Jeder will sich von der Masse abheben

Bis zum Wahltag 2020 werden die Wähler/innen der Generationen ‚Millenials‘ und ‚Gen Z‘ mehr als ein Drittel der Wahlberechtigten ausmachen. Damit sind sie eine entscheidende demographische Gruppe, die ein Demokratischer Kandidat unbedingt ansprechen muss, um erfolgreich zu sein. Tatsächlich sprang die Wahlbeteiligung junger Wähler/innen bei den Zwischenwahlen 2018 rekordhaft an - fast 36 Prozent der 18- bis 29-Jährigen gaben an, gewählt zu haben, im Vergleich zu nur 20 Prozent im Jahr 2014. Die Demokraten hatten es teilweise diesem Faktor zu verdanken, dass sie das Repräsentantenhaus zurückgewinnen konnten.
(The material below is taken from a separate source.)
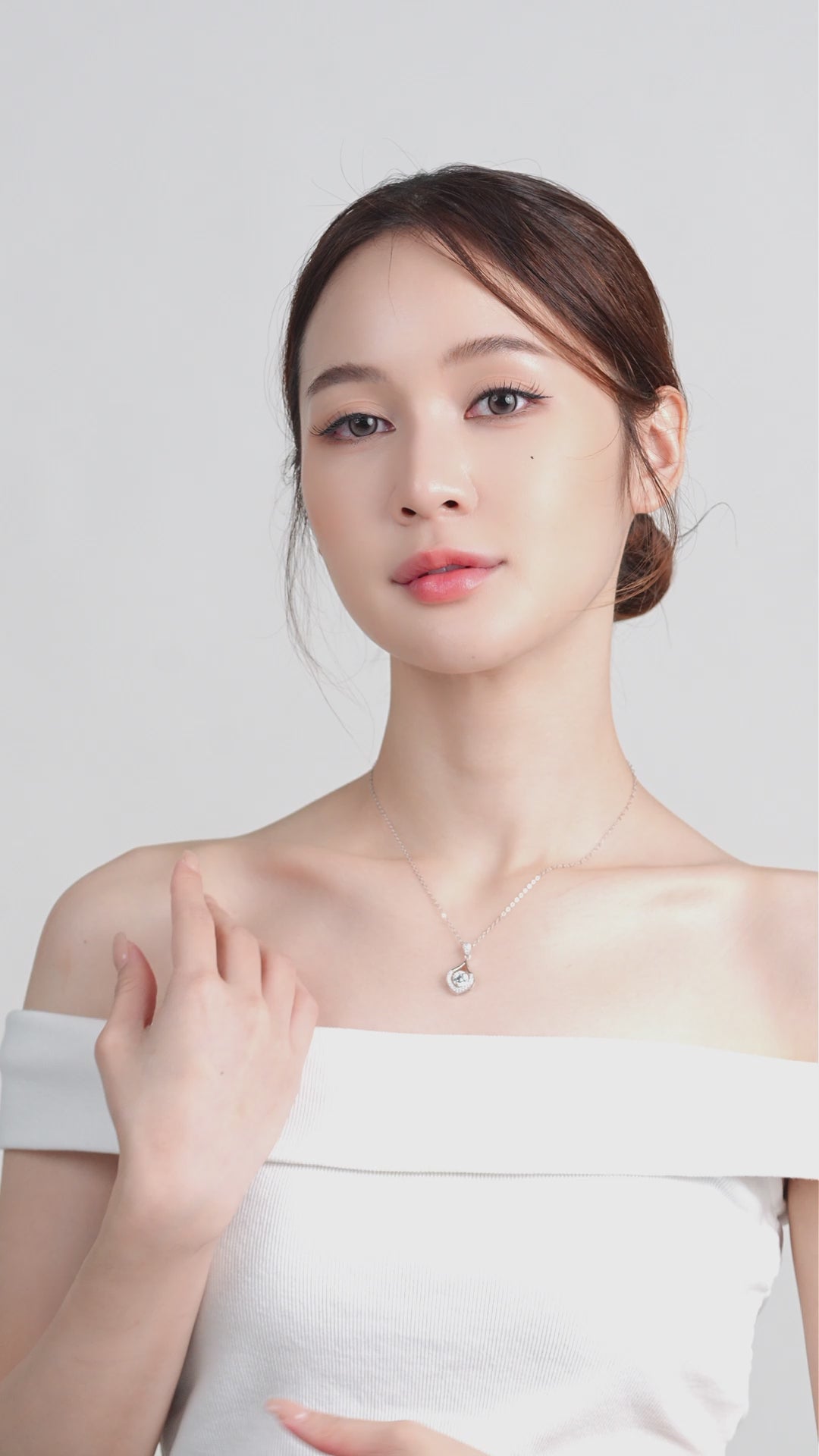 LUMINA TEARDROP NECKLACE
Die Kandidat/innen für 2020 sind sich dieser Tatsache akut bewusst. Deswegen konzentrieren sie sich auf die Klimakrise und studentische Schuldenlast; Themen, die für junge Wähler/innen von zentraler Bedeutung sind.

Für weniger aussichtsreiche Kandidaten wie Delaney und Gillibrand, die sich beide noch nicht für die dritte Vorwahldebatte qualifiziert haben, könnten Vorschläge für nationale Freiwilligendienste ein Mittel sein, junge Wähler/innen auf der Suche nach Alternativen zu den Status-quo-Kandidat/innen zu erreichen.

Bekannteren Kandidat/innen wie Warren und Buttigieg helfen solche Vorschläge, ihr Profil als Verfechter der Interessen einer neuen Wählergeneration zu stärken.

Demokratische Kandidat/innen machen also zahlreiche Vorstöße für einen neuen Boom von Freiwilligendiensten. Bookers Gesetzentwurf zeigt jedoch, dass wir ganz unabhängig davon, wer die Wahl gewinnt, wahrscheinlich verstärkt politische Maßnahmen zur Lösung der Klimakrise durch Jugendarbeit sehen werden.